The mechanism of action for SbV is also not clear despite it being used for almost 100 years [55, 67]. This is partly because SbV consists of a mixture of oligomeric structures. SbV could behave as a prodrug being reduced in vivo to a more active/toxic trivalent form of antimony (Sb(III)) that exhibits antileishmanial activity through inhibition of trypanothione reductase [55, 67]. Of note, it is not clear whether this reduction occurs in the parasite, the macrophages or both. In addition, SbV could act as an inhibitor of type I DNA topoisomerase leading to reduced ATP (adenosine triphosphate) and GTP (guanosine triphosphate) synthesis. Lastly, more recent studies suggest that SbV could enhance parasite killing by macrophages through an increase in TNFα, ROS, and NO levels.

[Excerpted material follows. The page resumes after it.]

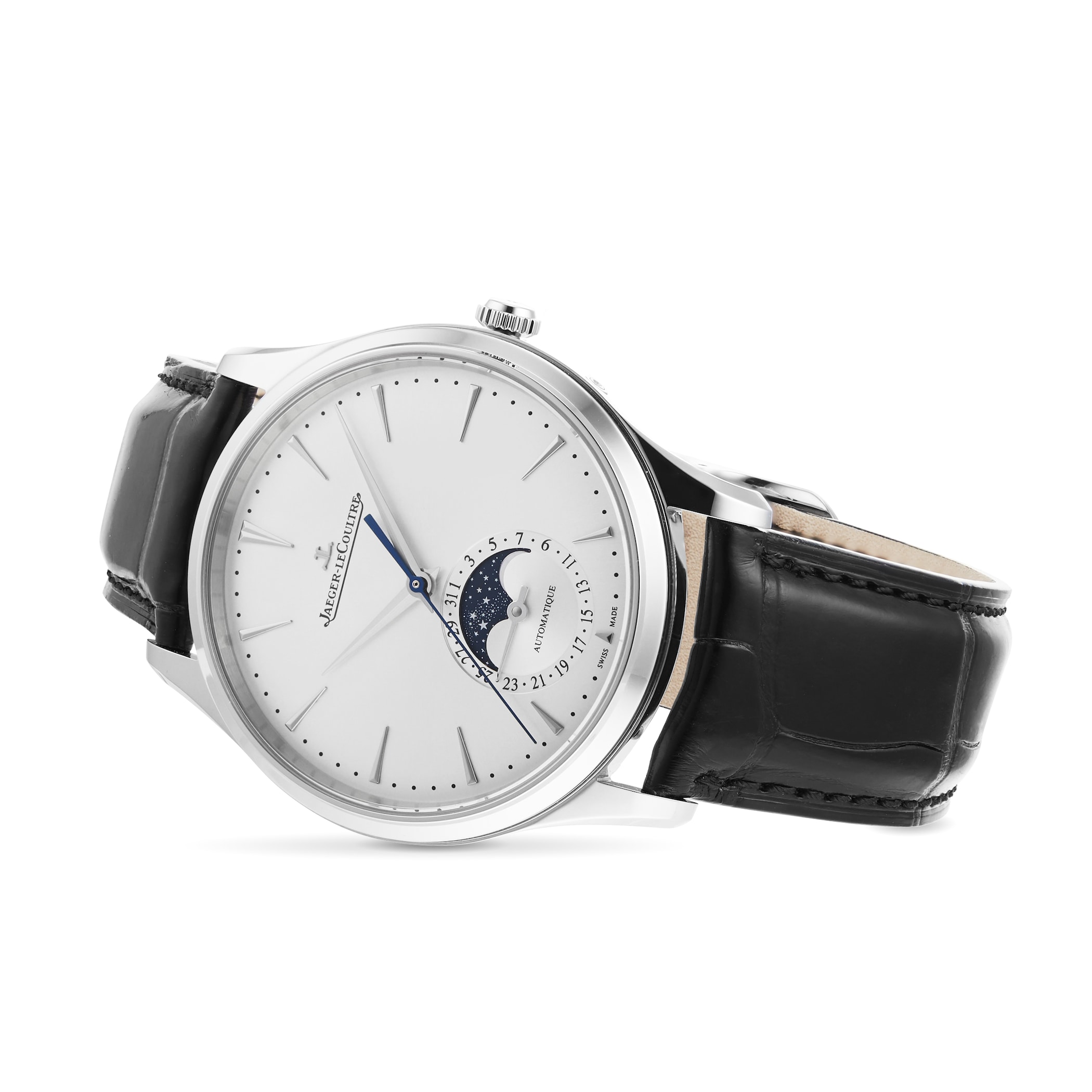 Jaeger-LeCoultre Master Ultra Thin 39mm Mens Watch Jaeger-LeCoultre Master Ultra Thin 39mm Mens Watch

Interestingly, studies in mice suggest that Th1 responses enhance the leishmanicidal effect of SbV[55]. It is known that HIV-infected patients, who have low levels of T cells, respond poorly to SbV. Therefore, it is possible that D35 enhances the effect of a low-dose abbreviated course of SbV by increasing the levels of NO, ROS and Th1, enhancing the leishmanicidal effect of SbV while modulating the inflammation of the site and reducing the severity of the lesions. Regardless of the underlying mechanism of action, our study suggests that the use of D35 as an adjuvant therapy can improve the efficacy of low dose SbV treatment thereby reducing the patient’s exposure and diminishing the risk of adverse effects. This approach could result in improved patient compliance and accelerated healing, helping curve the emergence of resistance. The results presented here argue for the effectiveness of D35 in combination with SbV, and future clinical trials in humans are warranted to further explore D35 as an adjunct therapy to low dose SbV treatment. Interestingly, CpG ODN type D were shown to reduce the severity of CL lesions in SIV infected macaques. Patients with HIV taking ART have the highest SbV-associated toxicities [55, 67, 68]; future studies will need to determine whether the addition of D35 as an adjuvant therapy can improve the clinical outcome in these patients. In summary, our data suggests exploring the clinical use of field-friendly, affordable, and apparently safe synthetic oligonucleotide D35 in combination with the current antimonial treatments to reduce the dose, duration and side effects of current therapies, and increase compliance is warranted.

Supporting information

S1 Fig. Design of dose escalation study in Cynomolgus Macaques.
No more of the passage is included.